TBB, TÜBAKKOM ve Hatay Barosu’nun da yer aldığı 80 Baro’nun ortak açıklamasında Av. Dilara Yıldız’ın kadın cinayeti sonucu öldürülmesine sert tepki gösterildi

      Türkiye Barolar Birliği, TÜBAKKOM ve Hatay Barosu’nun da yer aldığı ülke genelindeki 80 baro ortak açıklamasında, Av. Dilara Yıldız’ın kadın cinayeti sonucu öldürülmesine sert tepki gösterildi, derin üzüntü ve öfke içerisinde olunduğu vurgulandı.

      Kadınların yaşam hakkının korunmasının devletin görevi olduğunun hatırlatıldığı, bu sorumluluğun yerine getirilmesinin gerekliliğinin belirtildiği ortak açıklamada “Göreve Davet Ediyoruz” mesajı da verildi.
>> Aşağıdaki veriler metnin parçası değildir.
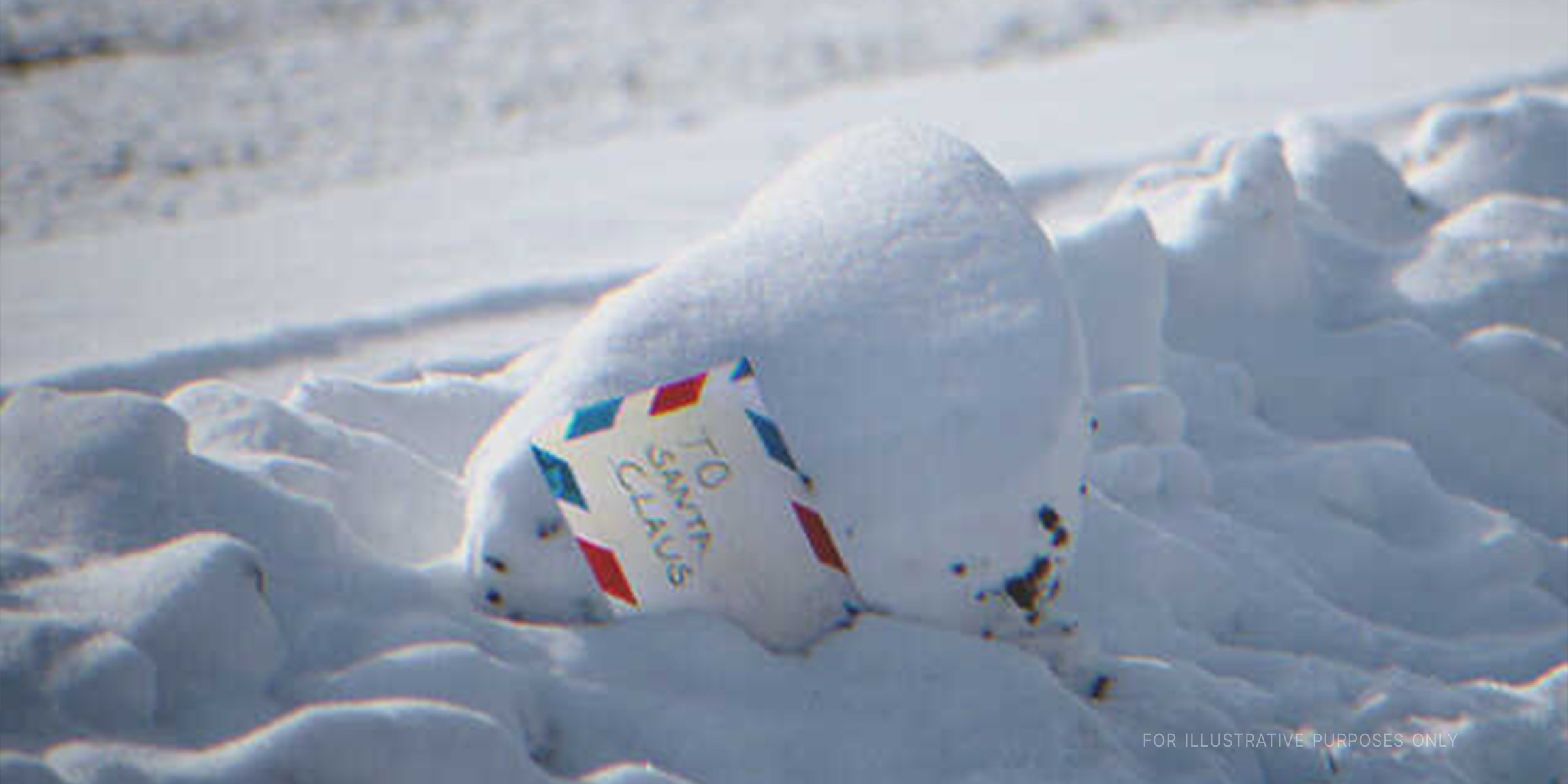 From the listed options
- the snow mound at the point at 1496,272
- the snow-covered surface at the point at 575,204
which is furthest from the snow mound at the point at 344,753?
the snow mound at the point at 1496,272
Kadın cinayetlerinin rahat işlenmesi dehşet verici …

      Meslektaşımız Av. Dilara Yıldız’ın kadın cinayeti sonucu öldürülmesinin derin üzüntüsü ve öfkesi içerisindeyiz. Meslektaşlarını ailesine ve hukuk camialarına başsağlığı dileğinin iletildiği ortak açıklamada şunlara yer verildi: “Meslektaşımızın kamuya açık bir yerde, polislerin olay yerine intikal etmesine rağmen eski nişanlısı tarafından silahla katledilmesi, ülkemizde kadına yönelik şiddetin ve kadın cinayetlerinin ne kadar rahat işlenir hale geldiğini göstermesi açısından da dehşet vericidir.
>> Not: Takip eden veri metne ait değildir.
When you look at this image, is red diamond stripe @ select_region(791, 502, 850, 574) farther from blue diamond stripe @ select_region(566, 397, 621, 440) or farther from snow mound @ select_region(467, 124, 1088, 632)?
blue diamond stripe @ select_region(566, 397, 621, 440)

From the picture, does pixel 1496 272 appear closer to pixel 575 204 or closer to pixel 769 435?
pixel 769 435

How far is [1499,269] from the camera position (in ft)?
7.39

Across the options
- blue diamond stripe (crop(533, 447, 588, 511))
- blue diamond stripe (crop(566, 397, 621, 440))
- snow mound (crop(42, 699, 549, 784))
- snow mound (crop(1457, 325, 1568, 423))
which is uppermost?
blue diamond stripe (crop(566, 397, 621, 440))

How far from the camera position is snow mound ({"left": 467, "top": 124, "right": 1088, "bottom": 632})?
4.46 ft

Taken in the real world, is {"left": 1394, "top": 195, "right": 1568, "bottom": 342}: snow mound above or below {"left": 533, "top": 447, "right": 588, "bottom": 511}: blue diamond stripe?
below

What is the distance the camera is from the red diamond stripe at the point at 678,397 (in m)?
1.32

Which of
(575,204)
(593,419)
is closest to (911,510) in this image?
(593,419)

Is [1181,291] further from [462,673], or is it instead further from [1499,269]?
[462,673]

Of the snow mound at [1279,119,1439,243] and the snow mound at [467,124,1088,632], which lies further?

      Biz hukukçular, ısrarlarla kadınların yaşam hakkına yönelik sistematik hal alan kadın cinayetlerinin önlenmesi için yasaların eksiksiz uygulanmasını; önleyici, koruyucu tedbirlerin alınmasını, toplumsal cinsiyet eşitsizliğini ortadan kaldıracak politikaların bir  an önce  hayata geçirilmesini talep ettik. Kadınların yaşam hakkının korunmasının devletin görevi olduğunu vurgulayarak, bu sorumluluğun yerine getirilmesini istedik.
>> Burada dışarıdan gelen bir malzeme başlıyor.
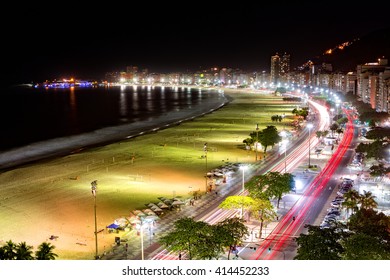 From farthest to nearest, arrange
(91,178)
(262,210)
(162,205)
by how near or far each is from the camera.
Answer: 1. (91,178)
2. (162,205)
3. (262,210)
Kadınlar daha da korumasız bırakıldı …

      Ancak iktidar kadına yönelik şiddetle samimi ve etkin bir mücadele yerine, tam tersi kadınların yaşam ve özgürlüklerinin güvencesi olan İstanbul Sözleşmesinden imzayı çekerek kadınları daha da korumasız bırakmıştır. Bu nedenle öncelikle iktidarı öncelikle İstanbul sözleşmesine tekrar imza vermeye; Danıştay’ı yaşam hakkından yana bir tutum alarak, hukuka aykırı bir şekilde İstanbul Sözleşmesi’nden imzanın çekilmesine ilişkin işlemin iptali için açılan davaları kabul etme yönünde karar almaya çağırıyoruz.

      Kadın kazanımlarının kaybına yol açacak her türlü söylem ve yasal düzenlemelerin kadınların yaşam haklarına saldırı oluşturduğu açıktır. Nitekim İstanbul Sözleşmesinden imzanın çekilmesi, 6284 Sayılı yasanın etkin uygulanmaması, nafakanın tartışılmaya açılması kadının özgür bir birey olduğunu kabul etmeyen zihniyete  cesaret verdiği ve bunun sonucunda kadına yönelik şiddet ve cinayetlerin artmasına yol açtığı aşikardır.

Sürecin takipçisi olacağız …

      Bu nedenle bir kez daha Medeni Kanununa ve 6284 sayılı yasaya dokunulmamasının, yasaların etkin bir şekilde uygulanmasının ve toplumsal cinsiyet eşitsizliğini ortadan kaldıracak politikaların acilen oluşturulmasının önemini vurguluyoruz.

      Kadının insan hakları için mücadele eden biz Barolar, Avukatlar ve TÜBAKKOM olarak bir kez daha kadınların yanında mücadelemizi sürdüreceğimizi vurguluyor, meslektaşımızı katleden zanlının en ağır cezayı alması için yasal sürecin takipçisi olacağımızı kamuoyuyla paylaşırız.”